DATASET EXTRACT
--- --- ---

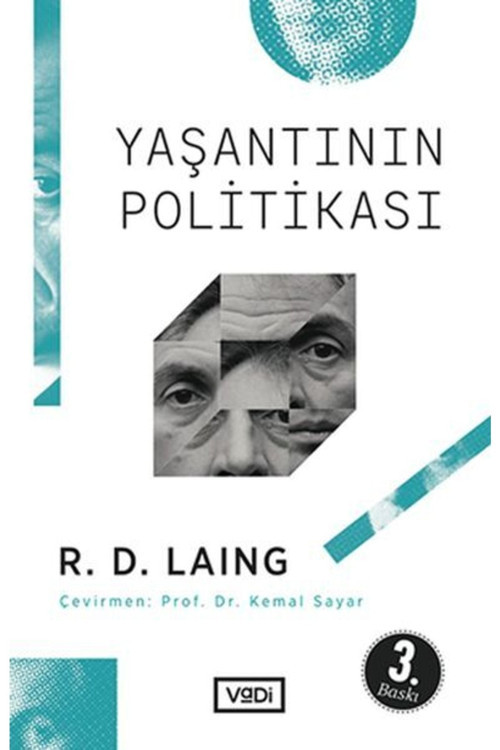 Vadi Yayınları Yaşantının Politikası Kemal Sayar
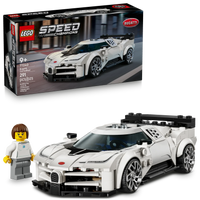 LEGO Speed Champions Bugatti Centodieci Hyper Sports Car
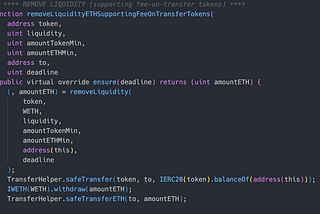 Arbitrage in DeFi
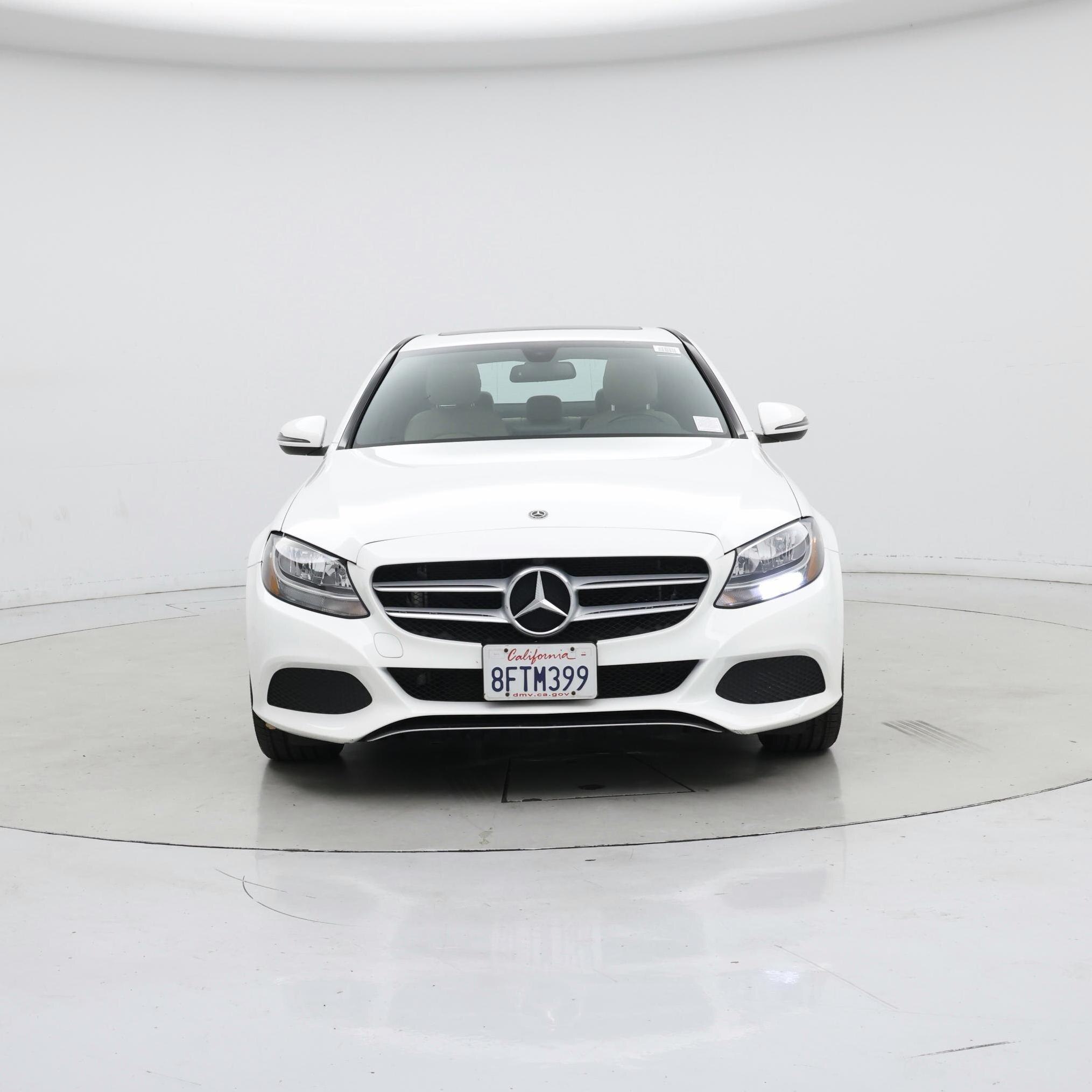 Thumbnail: 2018 Mercedes-Benz C-Class - 5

--- --- ---

YOUR ASSIGNMENT
From the line containing "Arbitrage in DeFi" through the last line of the listing, inclusive, transcribe every line exactly and nothing else; the pictures stay out.

RESPONSE TO THE TASK
 Arbitrage in DeFi
 Thumbnail: 2018 Mercedes-Benz C-Class - 5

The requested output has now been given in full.